- Coin Location within Minnesota Coin Location within the United States
- Coordinates: 45°44′06″N 93°18′24″W﻿ / ﻿45.73500°N 93.30667°W
- Country: United States
- State: Minnesota
- County: Kanabec
- Township: Brunswick Township
- Elevation: 971 ft (296 m)
- Time zone: UTC-6 (Central (CST))
- • Summer (DST): UTC-5 (CDT)
- ZIP code: 55006
- Area code: 320
- GNIS feature ID: 654649

= Coin, Minnesota =

Unincorporated community in Minnesota, United States

Coin is an unincorporated community in Brunswick Township, Kanabec County, Minnesota, United States.
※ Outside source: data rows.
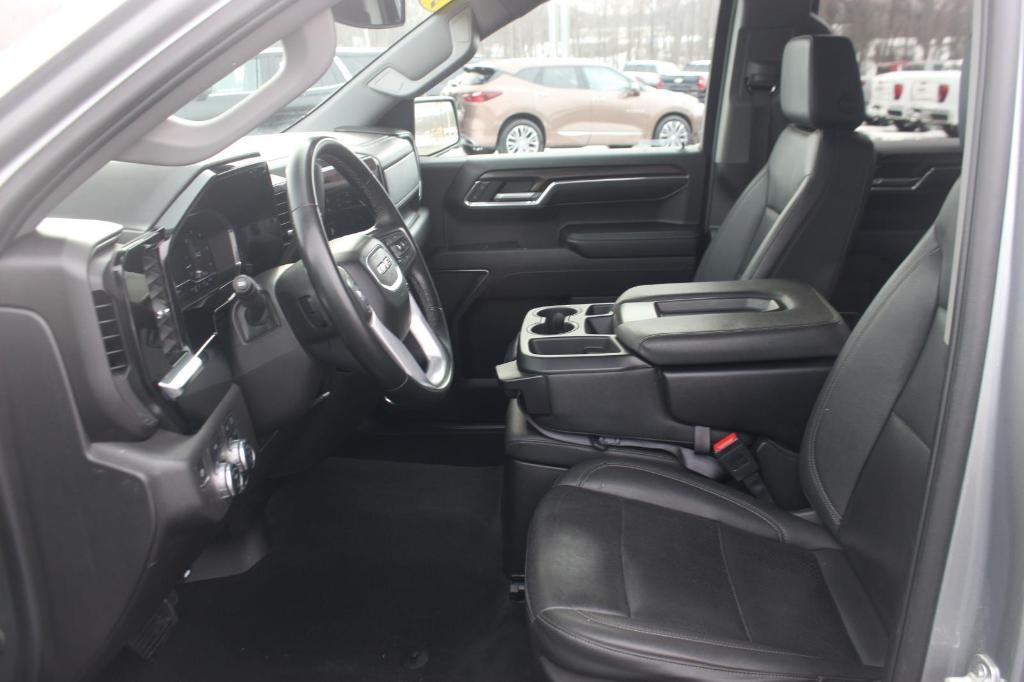 used 2024 GMC Sierra 1500 car, priced at $41,000
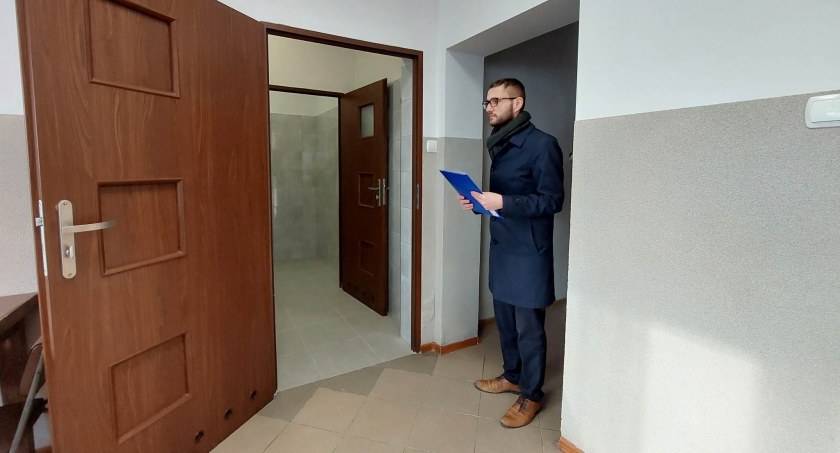 Gmina Rybno: Zakończyły się prace związane z remontem budynku Ochotniczej Straży Pożarnej w Wężykach 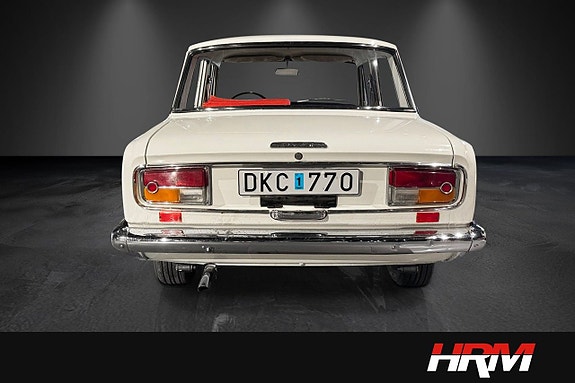 Toyota Corona 4 of 5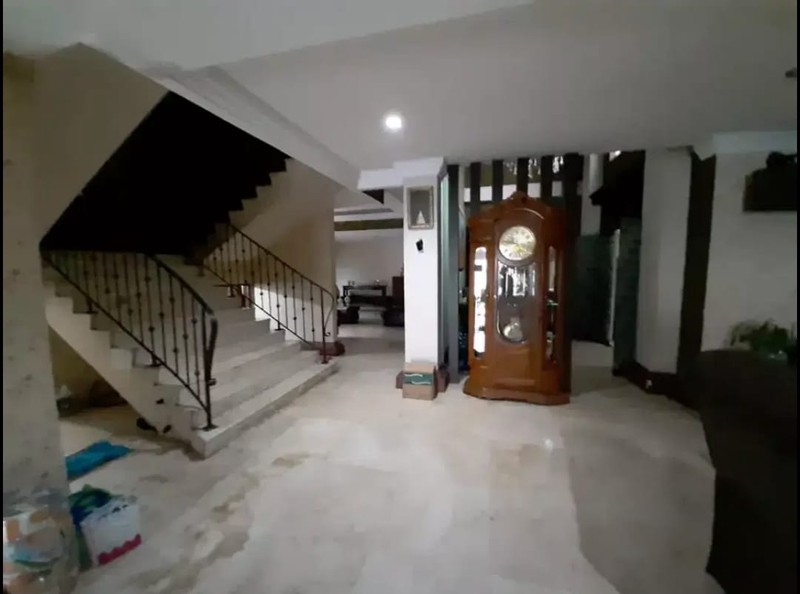 Rumah MEWAH dan Luas @Bali View, Ciputat.
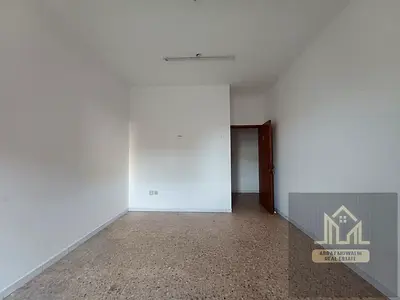 NO DEPOSIT CASH_ CLOSE HALL_ 1BHK AVAILABLE CLOSE PARK
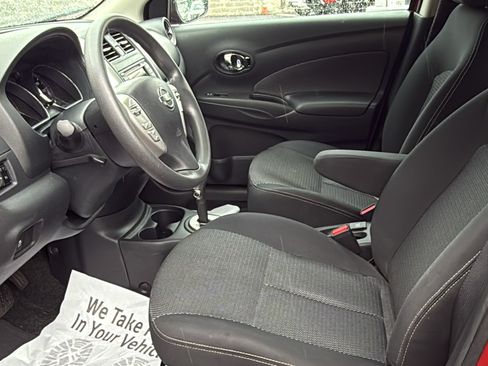 Used 2015 Nissan Versa FWD image 18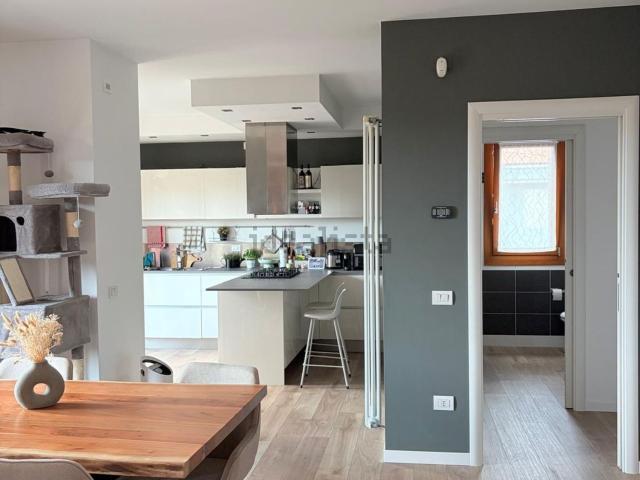 Appartamento in vendita di 140 m² in Via Solferino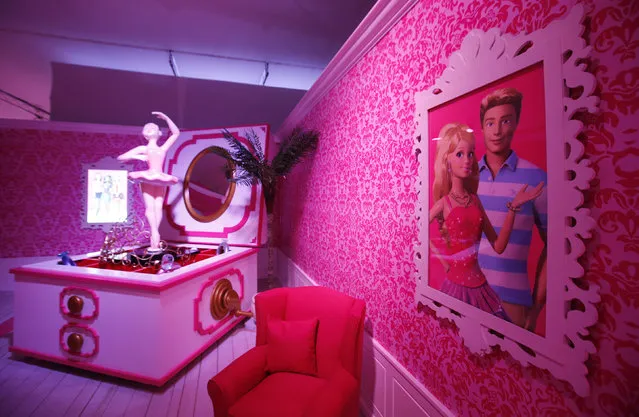 A room is pictured inside a “Barbie Dreamhouse” of Mattel's Barbie dolls in Berlin, May 16, 2013. (Photo by Fabrizio Bensch/Reuters)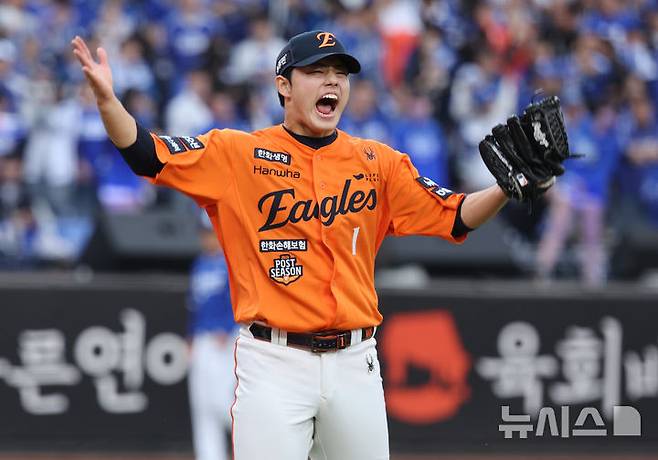 [대전=뉴시스] 김진아 기자 = 18일 대전 중구 한화생명볼파크에서 열린 2025 KBO 포스트시즌 플레이오프 1차전 삼성 라이온즈와 한화 이글스의 경기, 7회초 한화 문동주가 삼성 김지찬을 스트라이크 낫 아웃으로 잡으면서 이닝을 마친 뒤 포효하고 있다. 2025.10.18. bluesoda@newsis.com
Kanabec County Road 4 (103rd Avenue) and Kanabec County Road 16 (King Road) are two of the main routes in the community. Nearby places include Braham, Mora, Brunswick, Lewis Lake, Stanchfield, and Cranberry Wildlife Management Area.

ZIP codes 55006 (Braham) and 55051 (Mora) meet near Coin.

Stanchfield Brook–Ties Creek flows through the community. State Highway 65 (MN 65) is nearby.

Coin is located in section 35 of Brunswick Township, which earlier had a post office from 1898 to 1904. The name Coin was suggested by Ole E. Olson, the storekeeper and postmaster, during the William Jennings Bryan debate of Free Silver in 1896.

The boundary line between Kanabec and Isanti counties is near Coin.